PROBLEM REQUIREMENTS> Copy verbatim the block of lines in the entries below whose first line contains "Lancarkan Arus Lalu" and whose last line contains "416 Waddington Drive, Kamloops, BC". Leave out all other lines.

DATA TO EXAMINE>
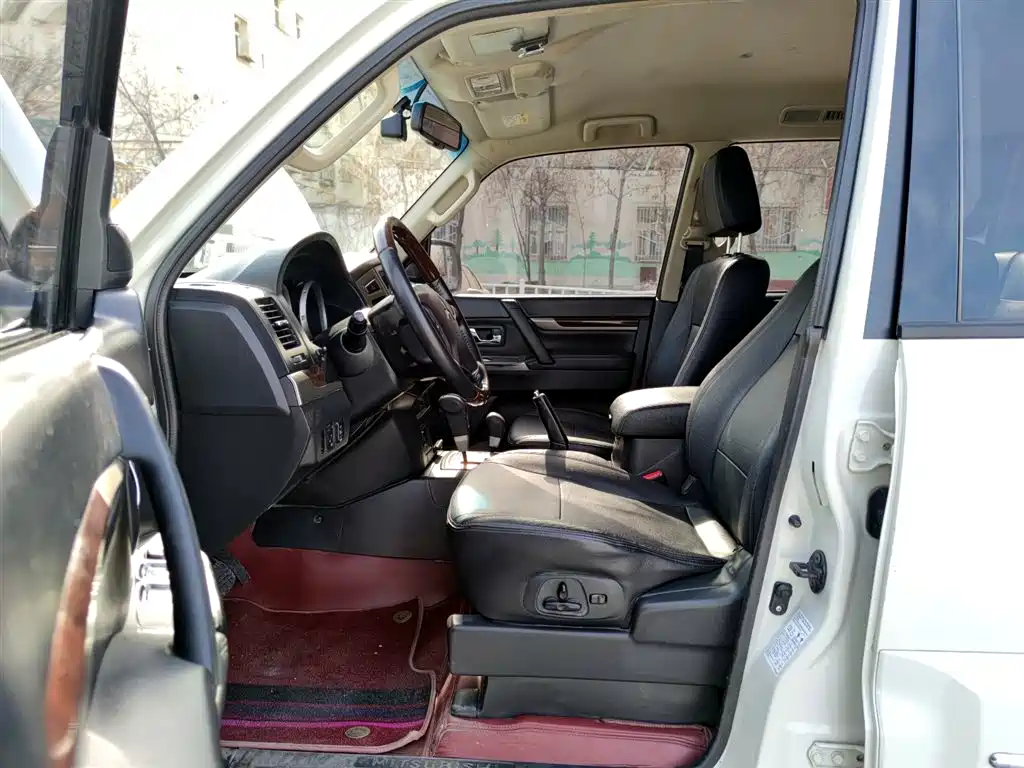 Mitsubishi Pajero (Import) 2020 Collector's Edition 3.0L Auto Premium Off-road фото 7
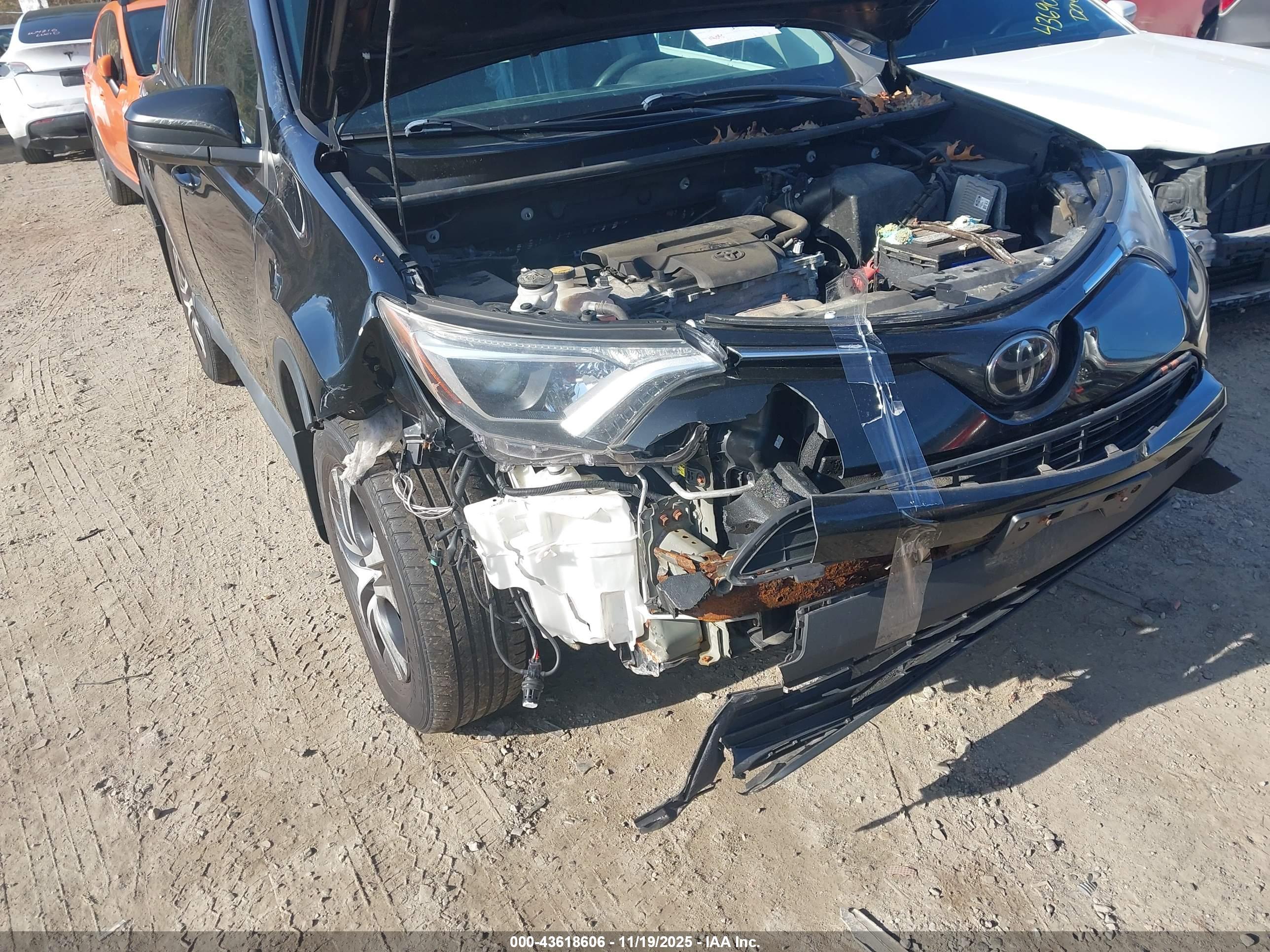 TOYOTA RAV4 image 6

...

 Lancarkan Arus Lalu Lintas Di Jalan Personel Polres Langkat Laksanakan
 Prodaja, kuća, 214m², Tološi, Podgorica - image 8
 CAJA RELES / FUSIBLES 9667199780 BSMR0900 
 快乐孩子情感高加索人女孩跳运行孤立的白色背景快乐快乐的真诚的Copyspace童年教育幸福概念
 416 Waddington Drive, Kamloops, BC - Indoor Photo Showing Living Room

ANSWER BOX>
 Lancarkan Arus Lalu Lintas Di Jalan Personel Polres Langkat Laksanakan
 Prodaja, kuća, 214m², Tološi, Podgorica - image 8
 CAJA RELES / FUSIBLES 9667199780 BSMR0900 
 快乐孩子情感高加索人女孩跳运行孤立的白色背景快乐快乐的真诚的Copyspace童年教育幸福概念
 416 Waddington Drive, Kamloops, BC - Indoor Photo Showing Living Room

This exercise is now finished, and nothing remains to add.